Geo tips & tricks: 2012

dimanche 30 décembre 2012

A geocoding client API in GDAL/OGR

A new API has been added to GDAL/OGR to use geocoding services, such as OpenStreetMap Nominatim, MapQuest Nominatim, Yahoo! PlaceFinder, GeoNames or Bing.

From C, this is as simple as :

/* Create a session with default options */
OGRGeocodingSessionH hSession = OGRGeocodeCreateSession(NULL);

/* Now query the service */
OGRLayerH hLayer = OGRGeocode(hSession, "Paris", NULL, NULL);

/* Use the result layer (the first feature is generally the most relevant) */

/* Cleanup */
OGRGeocodeFreeResult(hLayer);
OGRGeocodeDestroySession(hSession);

More interesting, you can use that capability in SQL with the ogr_geocode() function that has been added to the SQLite SQL dialect :

SELECT ST_Centroid(ogr_geocode('Paris'))

returns:

OGRFeature(SELECT):0

POINT (2.342878767069653 48.85661793020374)

or a bit more evolved, to add geocoded information to a CSV file :

ogrinfo cities.csv -dialect sqlite -sql \
   "SELECT *, ogr_geocode(city, 'country') AS country,
    ST_Centroid(ogr_geocode(city)) FROM cities" \
    --config OGR_GEOCODE_LANGUAGE en

returns:

OGRFeature(SELECT):0
id (Real) = 1
city (String) = Paris
country (String) = France
POINT (2.342878767069653 48.85661793020374)

OGRFeature(SELECT):1
id (Real) = 2
city (String) = London
country (String) = United Kingdom
POINT (-0.109369427546499 51.500506667319407)

[...]

OGRFeature(SELECT):6
id (Real) = 7
city (String) = Beijing
country (String) = People's Republic of China
POINT (116.391195 39.9064702)

For better efficiency, the results of geocoding queries are cached into a local datasource (by default, a simple SQLite database in the working directory, but the location can be overriden by a configuration option, and other formats - CSV or PostgreSQL - can be selected).

Reverse geocoding is also possible with OGRGeocodeReverse() or the ogr_geocode_reverse() SQL function :

SELECT ogr_geocode_reverse(-100,45,'country','zoom=3') AS country

returns :

OGRFeature(SELECT):0
country (String) = United States of America

Note: the online services that you may use have generally Term of Uses that disallow bulk geocoding, so use the above capability with care.

dimanche 24 juin 2012

GDAL/OGR using Shapefile native .sbn spatial index

This is the end of a mistery and a frustration that have lasted for about 15 years.
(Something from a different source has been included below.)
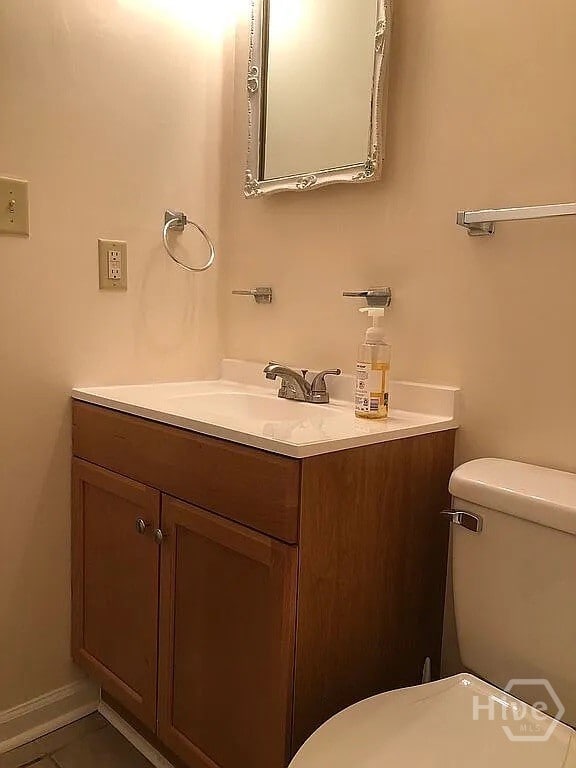 Building Photo - 370 Jockey Club Dr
The Shapefile format had been documented since 1998, but the documentation was limited to the minimum core, that is to say the .shp file that contains the geometries and the .shx that is an index to the geometries. However the format of the .sbn file, that was known to contain spatial index (aimed at speeding up spatial filters), has never been published.

The FOSS community came with an alternate spatial index format, the .qix format, originally used by Shapelib, MapServer and GDAL/OGR, and whose use has propagated into other software stacks, such as GeoTools.

But Joel Lawhead, Marc Pfister and another developer, Francisco, have actively started since the end of 2011 the reverse engineering of the .sbn format, and their effort finally came to a conclusion. Many kudos to them for leading this great effort !

There is not yet a formal specification of the .sbn format, but with the help of the blog entries and the debug/testing code that they made available, it was relatively easy to put pieces together. So, as an application of their work and a new step to increase interoperability between FOSS and proprietary software, I've just added support for reading and using .sbn files in the latest revision of the developement version of GDAL/OGR (GDAL 2.0dev). You can refer to ticket 4719 for the details and the code.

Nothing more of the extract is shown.